I haven’t received anything yet from a May 10 FOIA with Melrose Park regarding Illinois Alarm, but I’m patient. I won’t even get grumpy if I have to contact the Illinois Attorney General’s office for help.

I’ll also be watching patiently-and ever so lightheartedly-to see how Melrose Park Trustee Arturo Mota and James F. Klein, the brother of Melrose Park Trustee T. K. Klein, conduct themselves now that Proviso Township Supervisor Kathy Ryan appointed them to the township Mental Health Commission.

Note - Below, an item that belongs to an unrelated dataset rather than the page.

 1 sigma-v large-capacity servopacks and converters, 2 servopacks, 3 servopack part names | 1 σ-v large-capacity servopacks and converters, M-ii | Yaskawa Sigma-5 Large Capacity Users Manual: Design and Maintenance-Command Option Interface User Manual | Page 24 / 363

Over in Leyden Township, newly appointed Rosemont Mayor Bradley Stephens seems to want it all. Also a Rosemont trustee, he wants to retain his township supervisor position while also being named Leyden Township committeeman. I suspect, however, that at least two men long loyal to the late Don Stephens-Elmwood Park Mayor and Cook County Commissioner Peter Silvestri, and State Rep. Angelo “Skip” Saviano-may feel it’s time their loyalty be rewarded. Say, with the supervisor position for Saviano, and the committeeman job for Silvestri.

The region’s top Republicrat-or is that Depublican-Cook County GOP Chairman Liz Gorman, has indicated she’d be willing to support naming Bradley Stephens as the Leyden Township Republican committeeman.

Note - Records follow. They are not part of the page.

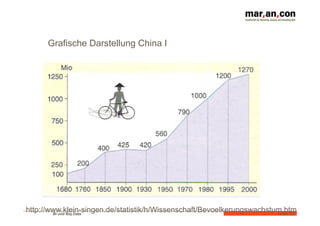 http://www.klein-singen.de/statistik/h/Wissenschaft/Bevoelkerungswachstum.html 
BI und Big Data 
Folie 
11 
Grafische Darstellung China I 
 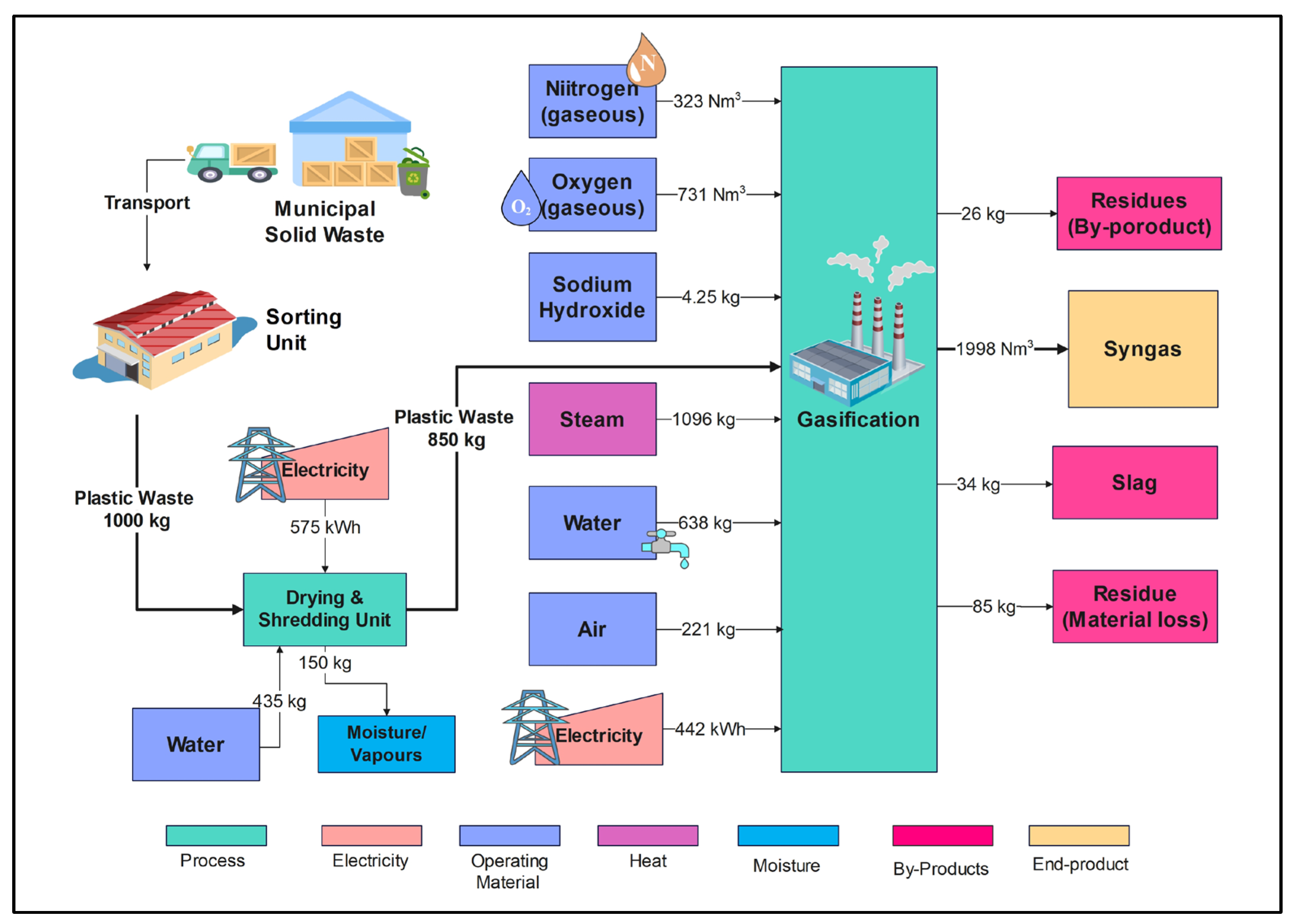 Sustainability 17 01277 g002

Gorman likes to make friends in both political parties. She recently appointed D209 employee and Democrat Kyle Hastings to the PACE board at a salary of $10,000. Totally coincidental, Gorman rents an office on the second floor of the Orland Hills village hall, where Hastings holds sway as mayor, for a mere $10 per year.

Excuse me while I stifle another giggle.

Then again, Gorman appears to need all the friends she can make. According to federal court documents, another good friend, the recently indicted Edward “Fast Eddie” Vrdolyak, the prototype Depublican, loaned Gorman and her husband $750,000 while acting as their lead attorney in a lawsuit against Daimler Chrysler Corp. Vrdolyak was subsequently tossed off the case by a judge, due to the financial relationship and improper contact with an individual connected to the case.

Not only do the Gormans owe Vrdolyak $10,000 per month for the remainder of an 84 month contract for the $750K, they also owe $3.4 million to Daimler Chrysler and $872,000 in attorney’s fees after the automaker countersued and won.

Yep. Gonna be an interesting next two years if you’re paying attention.

And I will be, grinning all the while.